* _GOAL OF THE EXERCISE_
None of the pictures should be copied, though every line of the listing must be printed exactly.

* _INFORMATION SUPPLIED_
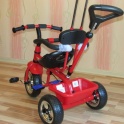 Трехколесный детский велосипед Lexus Kids Trike,польский вариант. Доставка по РБ, фотография 2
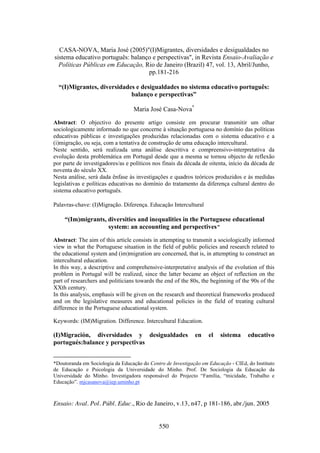 Tese doutoramento mj casa nova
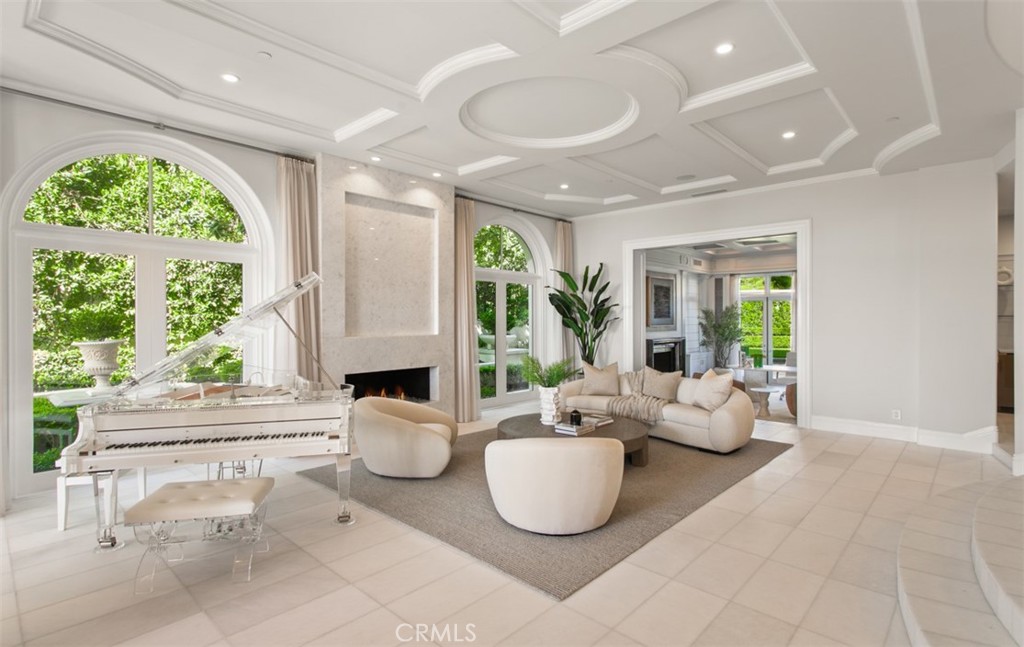 Pelican Crest (NCPC) - Residential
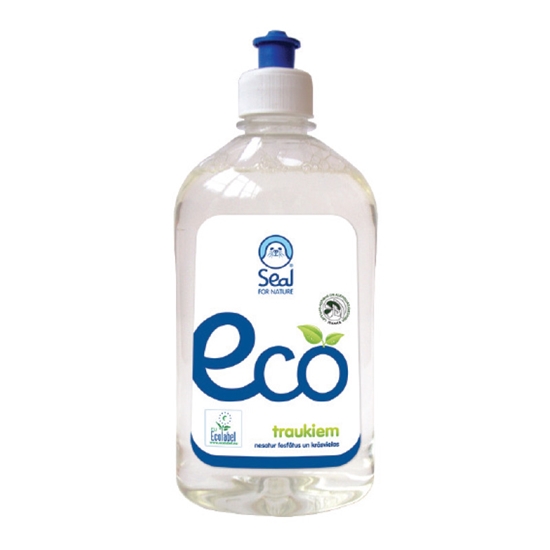 Изображение Trauku mazgāšanas līdzeklis SEAL Eco, 500 ml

* _REPLY_
 Трехколесный детский велосипед Lexus Kids Trike,польский вариант. Доставка по РБ, фотография 2
 Tese doutoramento mj casa nova
 Pelican Crest (NCPC) - Residential
 Изображение Trauku mazgāšanas līdzeklis SEAL Eco, 500 ml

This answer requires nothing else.